■ Provided material:
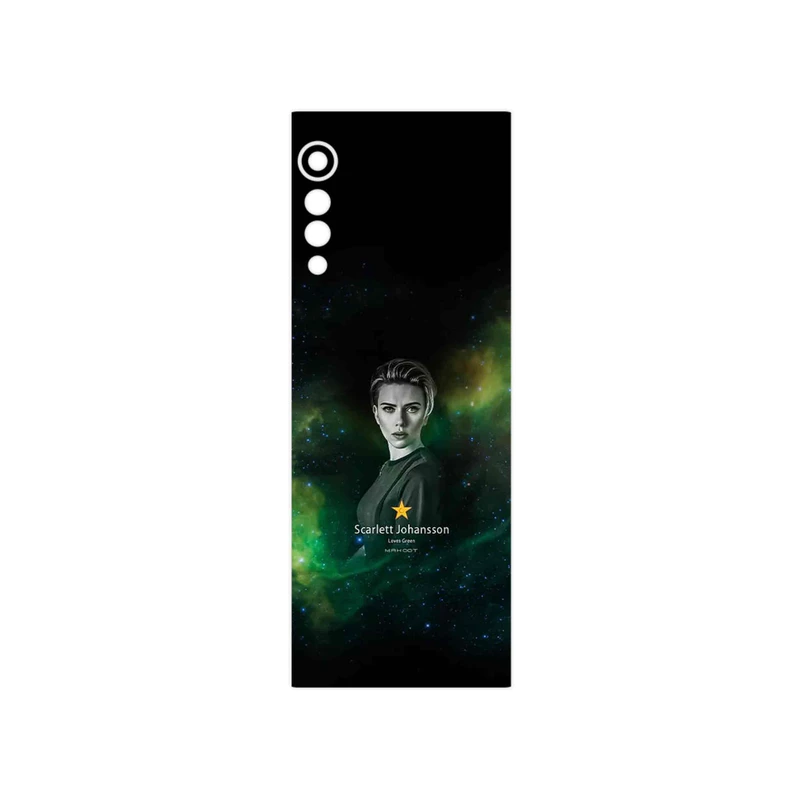 برچسب پوششی ماهوت مدل Scarlett Johansson مناسب برای گوشی موبایل ال جی Velvet 5G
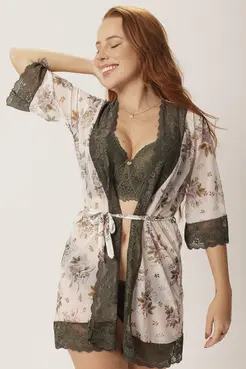 ROBE TULE ESTAMP
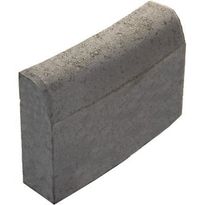 Upotettava reunakivi Rudus J6, kaarre R2000 kupera, 500x170x300mm, sileä, harmaa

■ Task to carry out:
Only the pictures are to be left out; write out all the other data exactly.

■ Result for this task:
 برچسب پوششی ماهوت مدل Scarlett Johansson مناسب برای گوشی موبایل ال جی Velvet 5G
 ROBE TULE ESTAMP
 Upotettava reunakivi Rudus J6, kaarre R2000 kupera, 500x170x300mm, sileä, harmaa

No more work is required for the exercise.